Captioned web images
************

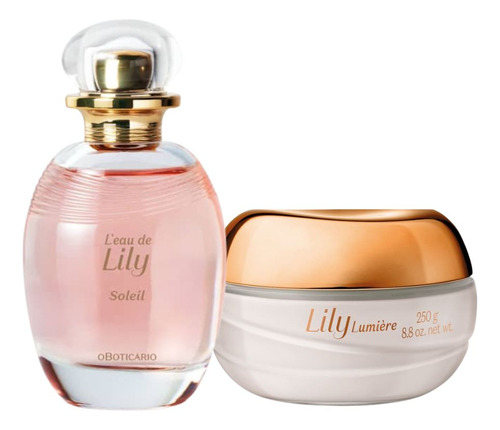 Combo Lily Soleil + Creme Lily Acetinado Lumière Presente Feminino O Boticário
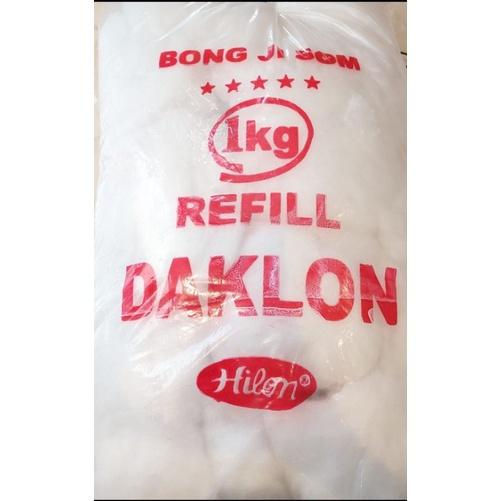 (1 Kg) Dakron Kiloan / Dakron Timbang / Dakron Bong Ji Som(RECOMAX) / Dakron Kemasan / Daklon Refill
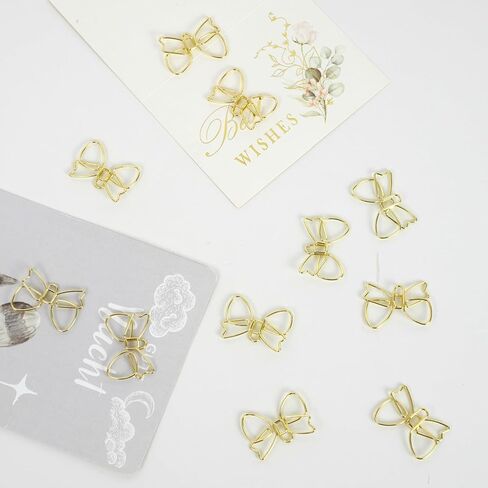 200 PCS Cute Paper Clips, Butterfly & Book Shape Paper Clip Small, Rose Gold and Gold Fun Paper Clips for Journals, Planners, Office Supplies (Paperclip/Book Clips) in Saudi Arabia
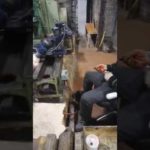 Шлифовка станины токарного станка.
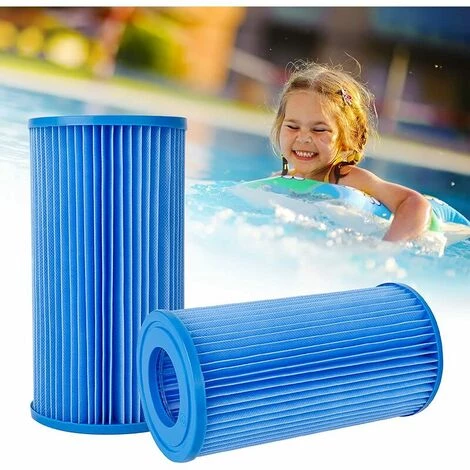 Générique Cartouches De Filtration Intex Pour Filtre Piscine,Compatible Avec Le Remplacement De La Cartouche Filtrante III FD3136 LITZEE (2pcs) Accessoires – Image 5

************

Problem: Quote exactly, and only, the lines from the line containing "Шлифовка станины токарного станка." through the final line of the records above, both included, omitting any pictures.

Answer space:
 Шлифовка станины токарного станка.
 Générique Cartouches De Filtration Intex Pour Filtre Piscine,Compatible Avec Le Remplacement De La Cartouche Filtrante III FD3136 LITZEE (2pcs) Accessoires – Image 5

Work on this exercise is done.